Der Standort im Karlsruher Hardtwald galt lange Zeit selbst Fachleuten als "äußerst exponiert", eine Notlösung - wie bei vielen Fragen der Endlagerung von Atomabfällen. Damit der "Output" der Wiederaufarbeitungsanlage (WAK) im einstigen Kernforschungszentrum sich nicht ins unermessliche Risiko steigern konnte, hatten die Manager für einige Jahre ein weiteres "Zwischenlager" im Ärmel: Das Salzbergwerk Asse in Niedersachsen. Rund die Hälfte der dort eingelagerten Fässer stammt aus der Wiederaufarbeitungsanlage in Karlsruhe. ka-news Redakteur Stefan Jehle unterhielt sich mit Meinrad Heck über sein früh eingeübtes Misstrauen.
Hat der Autor Meinrad Heck einschlägige Erlebnisse, dass sich - immer wieder aufs neue - Fragen rund um Atomkraftwerke, Wiederaufarbeitung, Endlagerung radioaktiven Materials in der Berichterstattung wiederfinden?
Atomkraft beschäftigt mich seit 30 Jahren.
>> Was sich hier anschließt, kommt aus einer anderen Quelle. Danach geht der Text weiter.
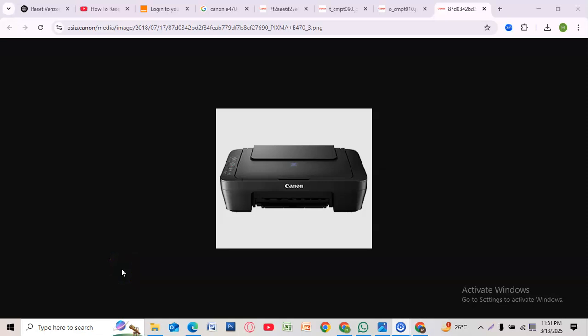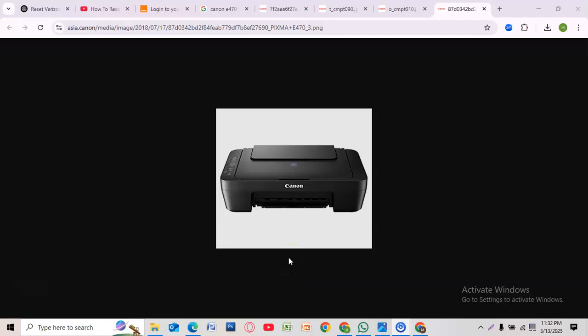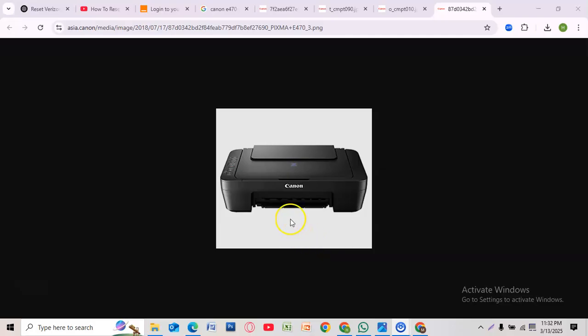Hey everyone, welcome back to the channel. Today I'll show you how to reset the Canon E470 printer. If you have any issues with your Canon E470 printer, whether it's not responding, showing errors, or you're setting it up for a new user, here's how to reset it quickly.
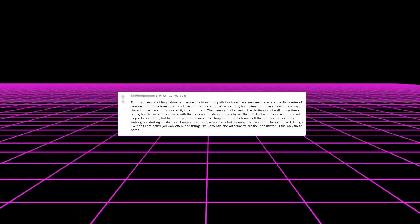The memory isn't so much the destination of walking on these paths but the walks themselves. The trees and bushes you pass by are the details of a memory, seeming vivid as you look at them but fade from your mind over time. Tangent thoughts branch off the path you're currently walking on, starting similar but changing over time as you walk further away from where the branch forked. Things like habits are paths you walk often, and things like dementia and Alzheimer's are the inability for us to walk these paths.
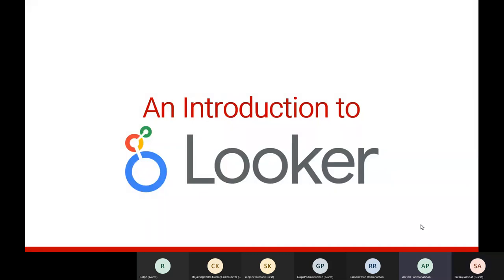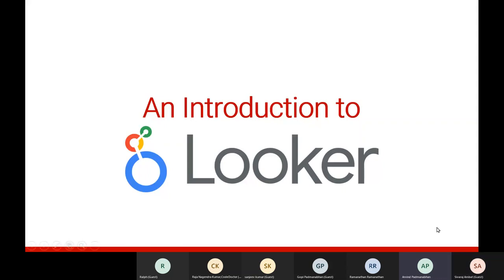Let me start by introducing the speaker for today. The title of the talk is 'An Introduction to Looker,' which is Google's BI platform. This talk is brought to us by Shivaraj Ambad, who is currently working at Tech Mahindra as a principal consultant and senior fellow. He's been at Tech Mahindra for more than 10 years, joining in January 2011, holding various roles including skill gap analysis, course design, development, and delivering training for employees internally.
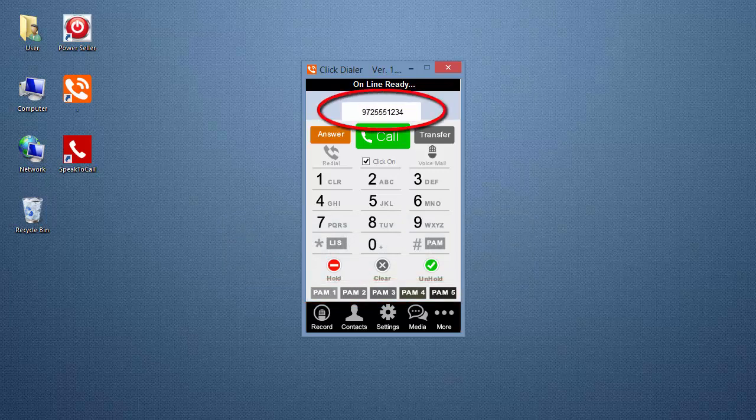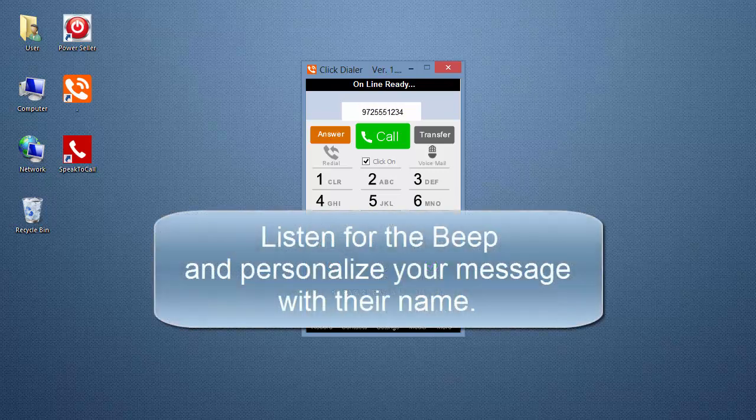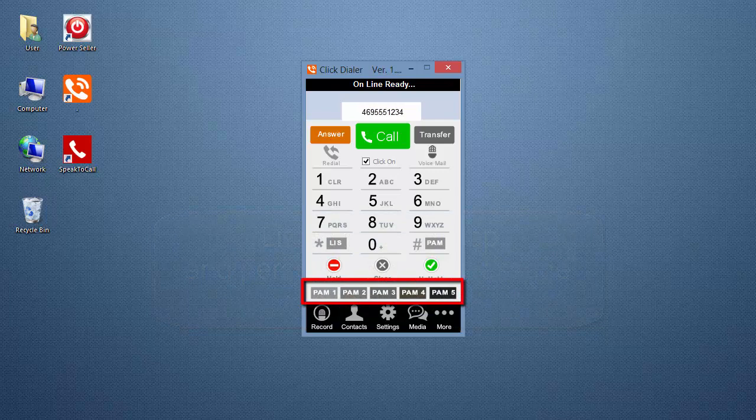You can move on to another call while your message is playing. We also suggest an even better method that personalizes each of your messages. After you hear the beep, say hello and the person's name, and then click whichever PAM button has the message you want to play.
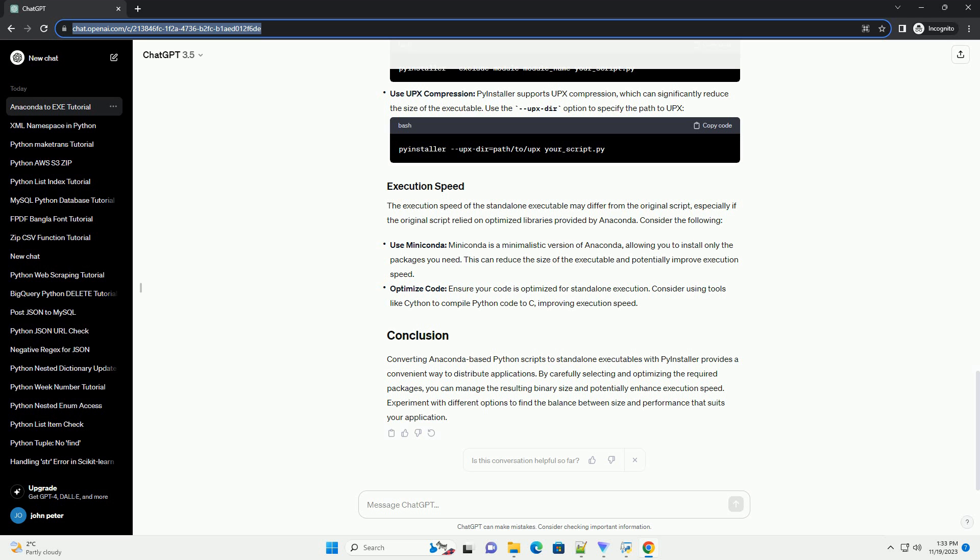The binary size can be a concern, especially when distributing applications. To reduce the size, consider the following: exclude unnecessary modules using the exclude-module option. For example, use UPX compression - PyInstaller supports UPX compression, which can significantly reduce the size of the executable. Use the upx-dir option to specify the path to UPX.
Ich lebte damals in der Nähe des Kernkraftwerkes Obrigheim und stellte immer wieder fest, wie sehr diese Lobby uns Journalisten schon seinerzeit im Griff hatte. Teure First Class Besichtigungsreisen über den Atlantik für Redaktionsleiter und lokale Politiker. Die dann folgende Geschichte im Blatt war vom Kernkraftwerk abgesegnet und lobte diese Industrie selbstredend in den allerhöchsten Tönen. Solche Verstrickungen haben mich schon in meinem ersten Berufsjahr ziemlich misstrauisch gemacht und dabei ist es geblieben.
Vor Jahren gab es den spektaktulären Plutoniumdiebstahl aus einem vermeintlichen Hochsicherheitstrakt. Was löst das in jemandem aus, der über leichtfertigen Umgang mit derart gefährlichen Stoffen "quasi vor der Haustür" berichtet?
Das schon erwähnte Misstrauen. Vor dem Plutoniumdiebstahl hatte jeder Verantwortliche wieder und wieder behauptet, ein solches Szenario sei undenkbar. Und plötzlich war es Realität geworden unter damals ziemlich beängstigenden Umständen. Für Journalisten heißt das, glaube nicht alles, was dir von Lobbyisten vorgegaukelt wird, sondern prüfe, ob es stimmt. Und was sich nicht prüfen lässt, kann zwar publiziert werden, muss aber immer mit einem dicken Fragezeichen versehen werden.
Gab es bei den Begehungen - Blick ins Innenleben - der Wiederaufarbeitungsanlage Schlüsselerlebnisse?
Ich war mal in der der alten WAK, wurde von einem freundlichen Pressemenschen herumgeführt. Den fragte ich, wo denn diese so genannte Atomsuppe genau gelagert sei. Er lächelte und sagte, wir stünden gerade auf einer Stahlbetondecke und die Plutoniumsuppe sei zweieinhalb Meter unter uns. Ich weiß nicht, ob diese Beschreibung wirklich korrekt war, aber ich hab´ kurz geschluckt.
Wie war der Umgang der amtlichen Öffentlichkeitsarbeit im Forschungszentrum mit dem kritisch nachforschenden Journalisten Heck?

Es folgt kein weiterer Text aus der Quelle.